私も明日仕事だとわかっていたのに、お酒がすすんでしまいちょっと酔っ払ってしまっている。気分が上向きになって、ほわほわしてきたのだ。


「ん~、ほら冬馬飲んで飲んで。あっ、サラダ食べる?」


すっかり気分が良くなってしまい高校の時に戻ったように冬馬の世話をやいてしまう。

酔っ払いながらも、頭の隅に冷静な自分がいて変な気分になった。

私は冬馬の好きなものを皿に分けると目の前に置いた。


「桃、よく覚えてるよな」


感心したように冬馬が言うから笑ってしまった。覚えているのではない、忘れられなかったのだ。未練がたらたらの自分に笑いたくなる。


「ん~?そうかなぁ。まぁ、好み自体が似てるからでしょ?」


そう言ってごまかすとビールを呷る。冷たいビールが喉に気持ち良かった。


「ピーっ!つまみ足りないよ」


むかいの席から、ヴォーカルの拓海が叫んだ。全く、自分で頼めばいいのにと思うけれど、飲み会ではいつも私が注文係なので仕方がない。


拓海はまこさんが見つけてきた、ヴォーカルでまこさんの多彩な世界を彩るのに欠かせない。『S』の世界にあっという間に観客を引き込んでしまうカリスマ性をもっている。

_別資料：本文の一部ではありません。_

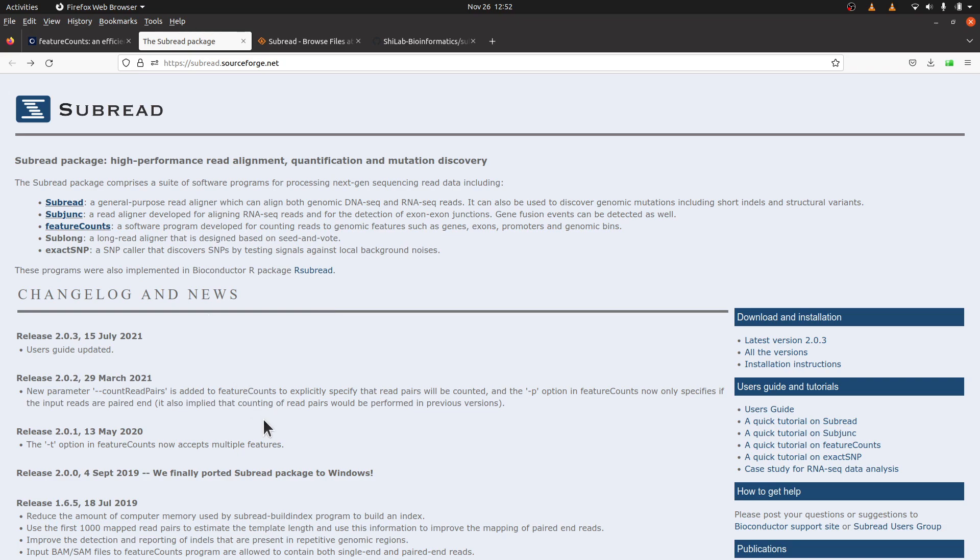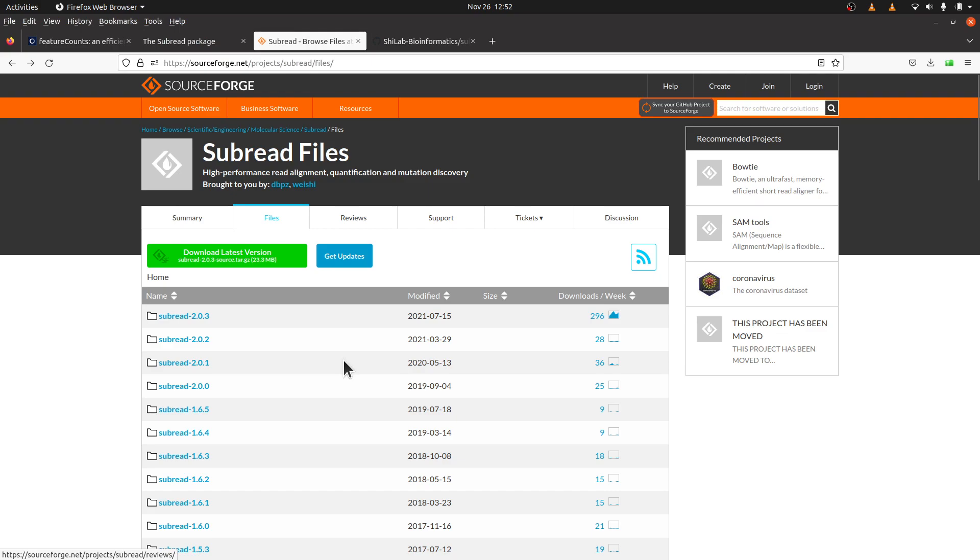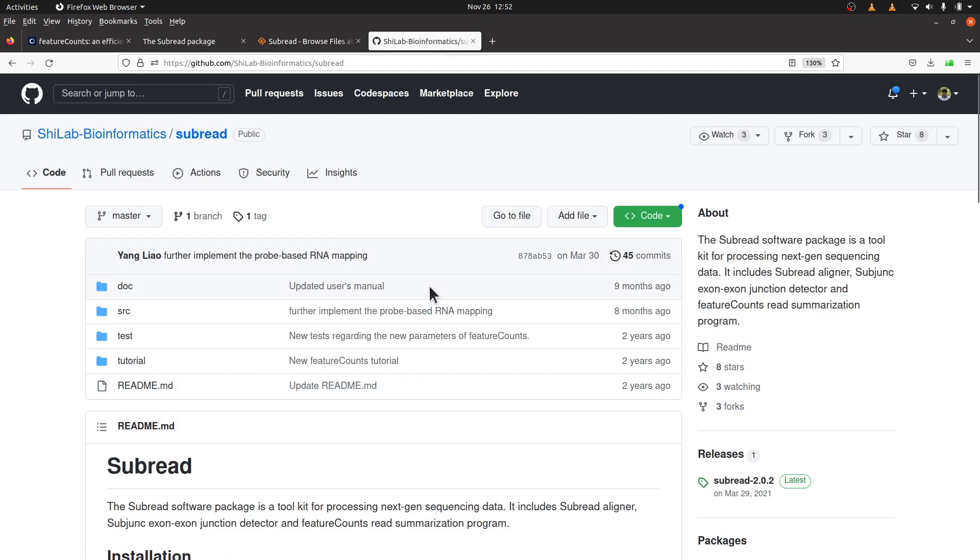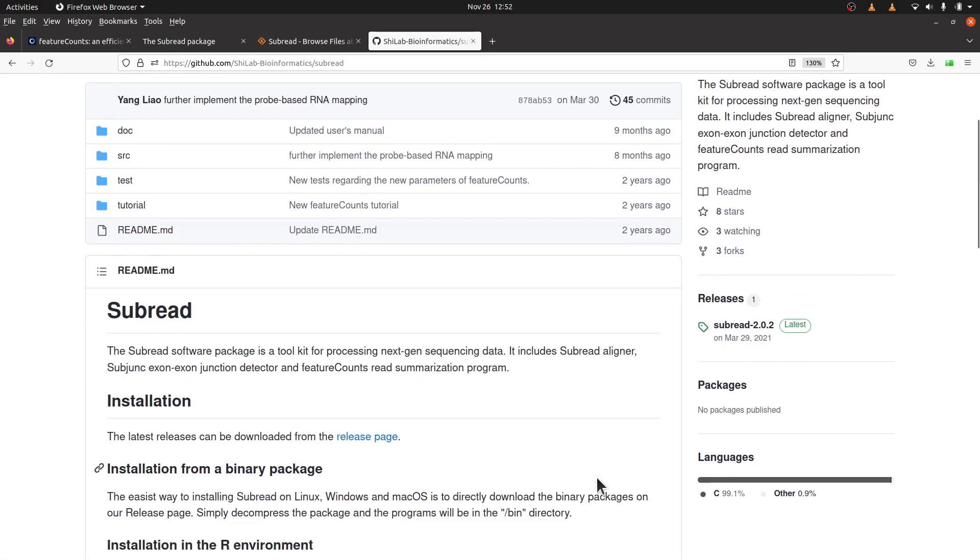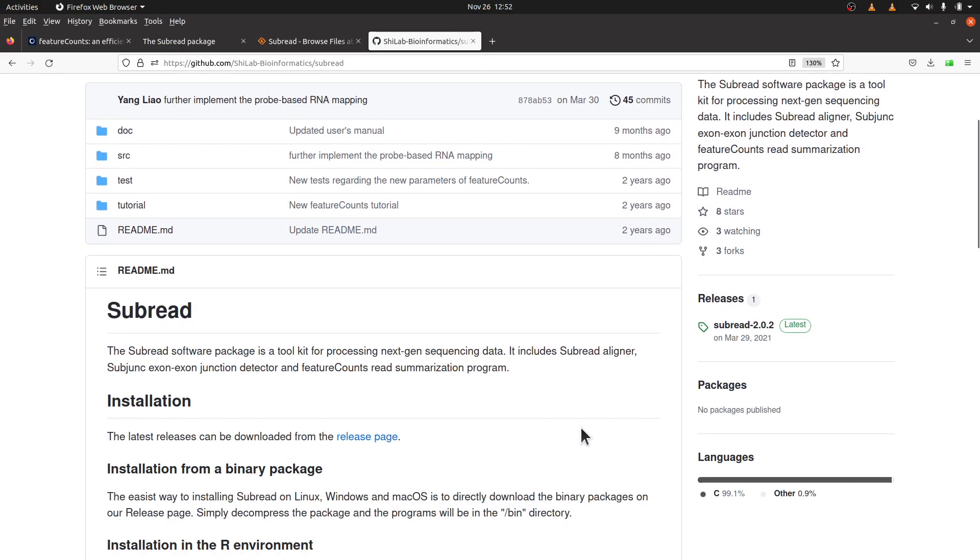FeatureCounts is part of the subread package. So if you want to install featureCounts, you need to install subread and you will have access to featureCounts. So what we are going to do today is to install featureCounts using binaries. So we will download the subread package and configure them. You can download using the SourceForge page here, I will leave the link also in the description. And you can also go to this GitHub page here and click on releases and then download the binaries.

なんってたって、超絶イケメンとファンに言われている。

なんというか、女の子って言っても通るだろう華奢な体つきと綺麗な顔をしている。

これがまた、モテるんだ。毎晩女の子をとっかえひっかえしていると聞いている。


私は注文をするべく立ち上がった。と、思ったんだけどそのまま冬馬に倒れこんでしまう。


ありゃ?飲みすぎた?目が回る。


「おいっ。桃っ!大丈夫か?」


冬馬に支えられて、起き上がろうとするけれど中々うまくいかない。

体の芯が抜けてしまったみたいだ。


目が回るなと思いながらも、鼻を懐かしい冬馬の匂いが掠めた。変わらないその香りに思わず笑みが零れる。昔は物凄くドキドキしたっけ。今は安心感が大きい。変わらないことが嬉しい。ふにゃりと口元が緩むのを感じた。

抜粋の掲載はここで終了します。